Android 14 Could Block Sideloading of Outdated Apps

Android 14 will block the installation of certain outdated apps to help decrease the risk of malware, according to a recent code change discovered by 9to5Google. The upcoming Android version will completely stop the installation of apps that are designed for older versions of the operating system. Recently, Google released the Android 13 QPR2 Beta 2 update.

Android 14 devices to block apps that target especially old Android versions

Android 14 will block the installation of outdated apps by making API requirements stricter, according to a recent code change. This will prevent users from sideloading specific APK files and also block app stores from installing those apps.

Initially, the blocking will only apply to apps targeting very old Android versions, but the plan is to increase the threshold to Android 6.0 over time. However, it will be up to device manufacturers to decide the threshold or if they want to enable it at all. According to the report by 9to5Google, the code change mentions that:

If the minimum installable SDK version enforcement is enabled, block the install of apps using a lower target SDK version than required. This helps improve security and privacy as malware can target older SDK versions to avoid enforcement of new API behavior.

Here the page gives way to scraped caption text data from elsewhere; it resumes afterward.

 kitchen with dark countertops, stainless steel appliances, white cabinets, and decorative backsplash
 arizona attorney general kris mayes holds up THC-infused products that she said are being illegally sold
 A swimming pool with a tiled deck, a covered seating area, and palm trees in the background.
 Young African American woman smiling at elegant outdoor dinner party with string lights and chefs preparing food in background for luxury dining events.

For a long time, Google Play Store guidelines have required Android developers to keep their apps updated with the latest features and safety measures of Android platform. Recently, the guidelines were updated, mandating that new apps listed in the Play Store must target Android 12 at a minimum.

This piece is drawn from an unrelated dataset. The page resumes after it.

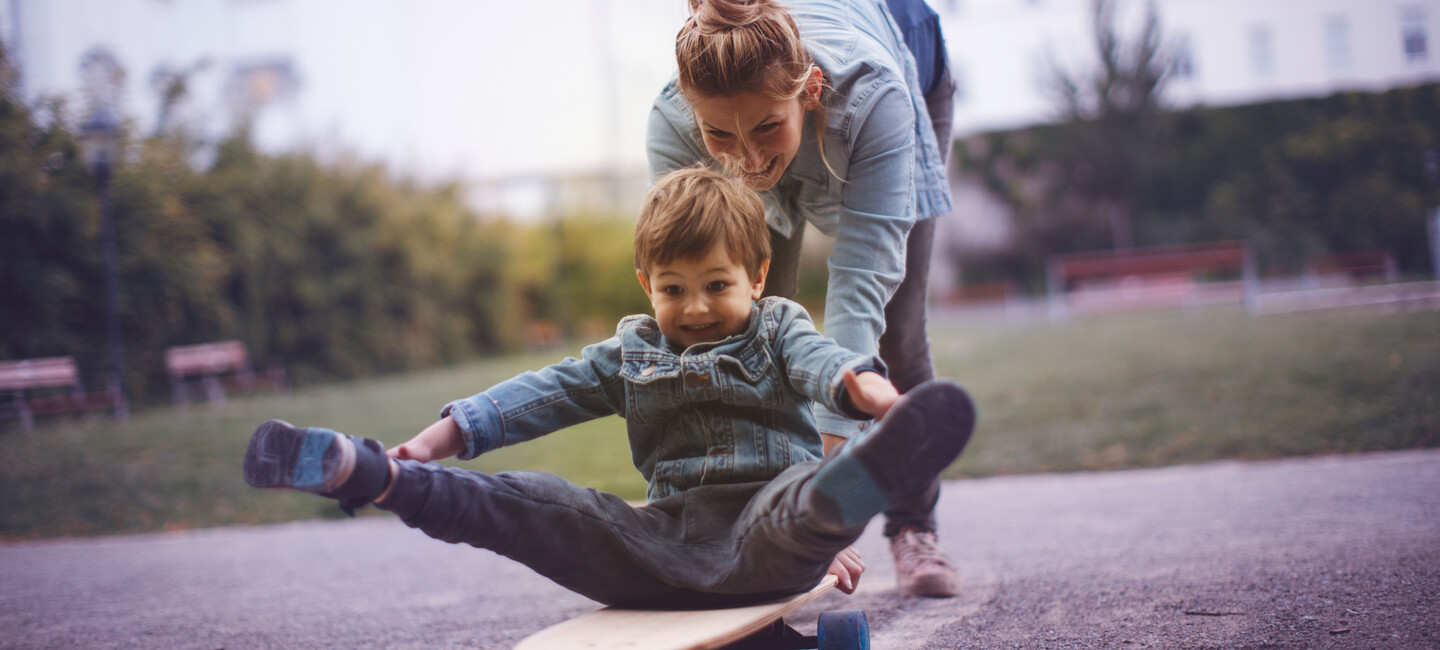 Kleiner lachender Junge und seine Mutter haben Spaß am Skateboardfahren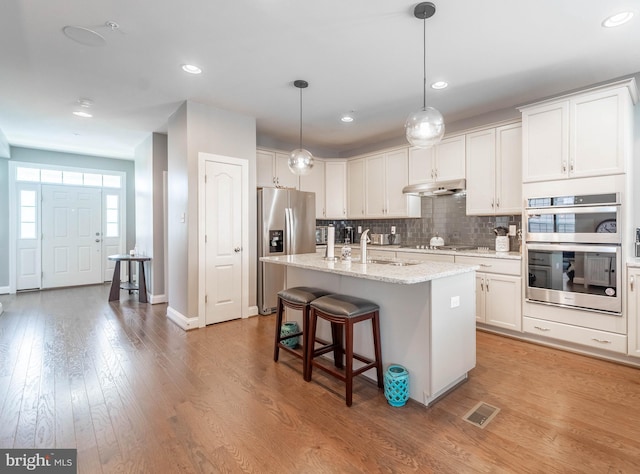 kitchen featuring light wood-type flooring, white cabinetry, backsplash, visible vents, and appliances with stainless steel finishes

These minimum API level requirements were only applied to apps intended for Google Play Store. Developers can still create apps for older versions and ask users to manually sideload the APK file. Also, if an app hasn’t been updated since the guidelines changed, the Play Store will continue to serve it to users who have already installed it.

As per a report by 9to5Google, Google plans to block outdated apps in order to prevent the spread of malware on Android. The developer behind this change stated that malware apps often target older versions of Android to circumvent protections that are only enforced on newer apps.

However, if someone needs to install an outdated app, it will still be possible through a command shell by using a new flag. This added step makes it less likely for someone to accidentally install malware.